(Also - you can contribute to making the "Bidder 70" documentary.)
Tim DeChristopher is scheduled to be sentenced in a Salt Lake City courtroom by U.S. District Judge Dee Benson on July 26. He faces up to 10 years in prison and a $750,000 fine for fraudulently bidding in December 2008 on parcels of land, including areas around eastern Utah’s national parks, which were being sold off by the Bush administration to the oil and natural gas industry. As Bidder No. 70, he drove up the prices of some of the bids and won more than a dozen other parcels for $1.8 million. The government is asking Judge Benson to send DeChristopher to prison for four and a half years.
DeChristopher said:
...the judge refused to let DeChristopher’s defense team inform the jury that the auction was later overturned and declared illegal. The judge also refused to let the defense team inform the jury that DeChristopher had raised the money for the initial payment and offered it to the Bureau of Land Management (BLM), which then refused to accept it.

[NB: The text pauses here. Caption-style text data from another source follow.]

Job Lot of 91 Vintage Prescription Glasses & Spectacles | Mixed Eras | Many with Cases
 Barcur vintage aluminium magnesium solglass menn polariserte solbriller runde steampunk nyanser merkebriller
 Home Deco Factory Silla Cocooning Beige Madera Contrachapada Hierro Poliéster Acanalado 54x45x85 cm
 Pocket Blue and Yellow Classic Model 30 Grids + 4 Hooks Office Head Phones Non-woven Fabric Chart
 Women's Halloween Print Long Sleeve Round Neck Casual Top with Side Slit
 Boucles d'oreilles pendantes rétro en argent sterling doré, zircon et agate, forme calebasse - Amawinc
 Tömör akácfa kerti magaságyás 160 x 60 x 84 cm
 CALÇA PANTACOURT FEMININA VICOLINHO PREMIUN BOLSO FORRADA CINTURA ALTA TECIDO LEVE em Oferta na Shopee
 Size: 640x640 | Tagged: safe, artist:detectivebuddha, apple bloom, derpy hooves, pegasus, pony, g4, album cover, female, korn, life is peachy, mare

"A lot of folks like Jim Hansen admit it off the record, but won’t say it publicly, that it is actually too late for any amount of emission reductions to prevent some sort of collapse of our industrial civilization. That certainly doesn’t mean all is lost. It means we are in a position where we are definitely going to be navigating the most intense period of change humanity has ever seen. What that means for us is that it really matters who is in charge during that intense period of change. It means that things are going to be desperate.”“Generally in desperate times those in power do desperate things to hold on to their power in the name of order and security,” he went on. “That is when things have gotten really ugly in the localized examples of collapse that we have in history, whether they were economically induced as in Germany in the 1930s or environmentally induced as in Darfur. Rather than an opportunity for mass reflection, which it could be, where we could say we had this coming because of fundamental flaws in the way we structured our society, that maybe greed and competition were not the best values to base everything off of, rather than doing that, it is much more common in those historical examples to say, ‘Oh, it was because of those people.’ A class of people was scapegoated. The powerful said, ‘Those are the people who are causing our problems and if we take it out on them we can maintain order and security for the rest of us.’ That is when things get really ugly and dehumanizing.”
and
“Our strategies must be to not only change our energy system and food system, but to change our power structures ... We shouldn’t be looking for the big corporations running the show to become a little greener and cleaner. We should be overthrowing those corporations running our government."
2 comments:
High price to pay, but I wonder if the auctions would have been overturned, if he hadn't been there. Did they subsequently reopen the auctions?
> Did they subsequently reopen the auctions?
I'm pretty sure not, since it was declared illegal, and I wouldn't expect (& haven't seen indications) that it'd be rescinded.